For some reason you can't shut of the two innermost air-conditioning vents, but otherwise the climate control works great. At least in Australia the interior has a touch of the Henry Ford about it: you can have it in any colour as long at is it beige. The rims are standard too, but look quite nice and modern.

Minor annoyances are lack of a switch-blade style key (they take up less pocket room) and, more annoyingly, lack of a remote boot unlock feature. This is something that comes in very handy when you have hands full of shopping, or a trombone and related paraphernalia. I also like the Audi hydraulic arm that kept the bonnet open, not that I plan to be under there much. Not that you'd want to touch anything, the two large red cables from the 158V batteries look like they could pack quite a punch.

It has a few less flashy features than the Prius, but it by no means feels like like a cheaper car. And the satisfaction you get from sitting in traffic (a fact of life in Sydney) using zero petrol is pretty good!

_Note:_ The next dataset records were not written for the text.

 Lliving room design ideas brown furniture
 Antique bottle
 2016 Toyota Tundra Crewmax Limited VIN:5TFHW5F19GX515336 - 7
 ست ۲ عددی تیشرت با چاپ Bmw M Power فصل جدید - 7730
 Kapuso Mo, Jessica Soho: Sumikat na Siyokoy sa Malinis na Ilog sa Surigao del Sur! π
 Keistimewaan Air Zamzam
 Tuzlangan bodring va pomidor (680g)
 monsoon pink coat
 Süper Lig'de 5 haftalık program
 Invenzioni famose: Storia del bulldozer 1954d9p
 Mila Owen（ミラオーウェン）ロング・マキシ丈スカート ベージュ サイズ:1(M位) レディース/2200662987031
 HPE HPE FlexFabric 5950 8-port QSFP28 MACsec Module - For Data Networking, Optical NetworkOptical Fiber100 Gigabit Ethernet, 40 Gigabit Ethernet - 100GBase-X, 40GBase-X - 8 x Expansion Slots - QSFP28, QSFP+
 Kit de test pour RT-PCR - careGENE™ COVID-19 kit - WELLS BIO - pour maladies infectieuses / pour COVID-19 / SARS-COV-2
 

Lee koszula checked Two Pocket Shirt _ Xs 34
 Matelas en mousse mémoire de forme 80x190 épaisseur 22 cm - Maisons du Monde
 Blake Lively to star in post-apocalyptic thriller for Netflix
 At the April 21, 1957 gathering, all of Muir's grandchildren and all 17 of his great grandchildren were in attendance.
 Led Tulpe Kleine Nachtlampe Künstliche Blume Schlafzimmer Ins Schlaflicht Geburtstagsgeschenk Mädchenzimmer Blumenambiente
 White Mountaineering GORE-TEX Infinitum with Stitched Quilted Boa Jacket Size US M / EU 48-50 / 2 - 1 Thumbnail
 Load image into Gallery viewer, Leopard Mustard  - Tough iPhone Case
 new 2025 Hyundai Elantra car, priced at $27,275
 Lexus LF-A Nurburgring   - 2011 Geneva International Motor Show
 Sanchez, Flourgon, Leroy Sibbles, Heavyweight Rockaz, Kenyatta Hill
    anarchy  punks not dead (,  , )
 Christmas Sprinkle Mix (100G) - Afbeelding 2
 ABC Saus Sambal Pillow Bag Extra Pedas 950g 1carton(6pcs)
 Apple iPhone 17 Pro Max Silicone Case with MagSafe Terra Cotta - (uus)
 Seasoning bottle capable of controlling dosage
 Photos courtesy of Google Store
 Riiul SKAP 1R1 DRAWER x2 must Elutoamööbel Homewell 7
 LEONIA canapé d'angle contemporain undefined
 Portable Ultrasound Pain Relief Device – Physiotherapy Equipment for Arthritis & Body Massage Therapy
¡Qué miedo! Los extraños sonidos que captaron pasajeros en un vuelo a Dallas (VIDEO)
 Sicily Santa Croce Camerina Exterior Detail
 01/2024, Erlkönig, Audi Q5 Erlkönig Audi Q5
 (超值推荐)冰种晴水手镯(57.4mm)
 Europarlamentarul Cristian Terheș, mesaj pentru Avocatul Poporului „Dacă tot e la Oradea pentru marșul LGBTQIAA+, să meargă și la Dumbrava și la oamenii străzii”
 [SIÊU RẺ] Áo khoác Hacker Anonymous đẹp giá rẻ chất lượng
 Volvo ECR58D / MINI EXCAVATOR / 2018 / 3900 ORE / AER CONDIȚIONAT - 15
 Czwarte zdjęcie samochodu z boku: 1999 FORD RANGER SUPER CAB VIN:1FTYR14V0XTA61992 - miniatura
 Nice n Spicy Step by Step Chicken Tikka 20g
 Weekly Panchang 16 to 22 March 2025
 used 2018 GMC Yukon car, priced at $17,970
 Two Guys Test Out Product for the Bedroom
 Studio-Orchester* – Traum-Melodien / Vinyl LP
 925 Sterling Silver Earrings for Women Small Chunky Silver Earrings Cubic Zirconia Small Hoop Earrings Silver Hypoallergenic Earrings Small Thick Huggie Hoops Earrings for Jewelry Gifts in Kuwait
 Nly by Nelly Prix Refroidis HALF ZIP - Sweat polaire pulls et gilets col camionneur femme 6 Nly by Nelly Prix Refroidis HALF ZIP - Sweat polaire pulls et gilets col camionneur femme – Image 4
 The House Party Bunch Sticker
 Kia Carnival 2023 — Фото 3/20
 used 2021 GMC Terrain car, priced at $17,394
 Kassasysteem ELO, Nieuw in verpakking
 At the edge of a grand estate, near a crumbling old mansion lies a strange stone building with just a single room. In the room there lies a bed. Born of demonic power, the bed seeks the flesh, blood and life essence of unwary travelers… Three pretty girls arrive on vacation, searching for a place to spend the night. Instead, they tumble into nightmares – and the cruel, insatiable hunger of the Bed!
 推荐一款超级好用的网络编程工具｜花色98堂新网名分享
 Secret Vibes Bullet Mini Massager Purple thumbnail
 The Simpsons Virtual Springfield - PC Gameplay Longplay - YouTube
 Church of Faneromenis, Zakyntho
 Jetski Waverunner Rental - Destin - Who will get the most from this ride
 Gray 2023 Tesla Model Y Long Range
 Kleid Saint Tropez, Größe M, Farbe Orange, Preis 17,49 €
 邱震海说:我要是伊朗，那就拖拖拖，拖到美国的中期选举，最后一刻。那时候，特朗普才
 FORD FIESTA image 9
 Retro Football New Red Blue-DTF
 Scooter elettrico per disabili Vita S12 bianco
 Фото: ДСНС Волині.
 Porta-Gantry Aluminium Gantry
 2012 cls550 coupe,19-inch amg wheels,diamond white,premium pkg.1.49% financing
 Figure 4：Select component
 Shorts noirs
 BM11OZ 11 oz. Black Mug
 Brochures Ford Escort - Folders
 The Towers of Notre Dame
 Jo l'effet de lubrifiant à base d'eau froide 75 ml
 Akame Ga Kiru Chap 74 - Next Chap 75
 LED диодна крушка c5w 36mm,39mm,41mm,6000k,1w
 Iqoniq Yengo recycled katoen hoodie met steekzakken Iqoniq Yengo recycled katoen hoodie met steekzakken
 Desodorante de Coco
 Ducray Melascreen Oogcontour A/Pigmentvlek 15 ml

Update : We've just returned from a road trip from Sydney to Melbourne and back, covering 2170km. This was essentially all highway driving on cruise control at around 100-110km/h, with full boot of luggage. The trip computer tells us we averaged 5.8L/100km, which is a fair way off the 4.6L/100km claimed in the Green Vehicle Guide. A new 1.4L petrol Fiat Punto travelling with us on the way down also was running at under 6L/100km. In normal inner-Sydney driving we average 6.8L/100km, and the lowest we have achieved is 5.4L/100km whilst driving around the M2-M7-M5 loop when the new Lane Cove tunnel opened, which was often at lower speeds (80-90km/h) than open highway driving.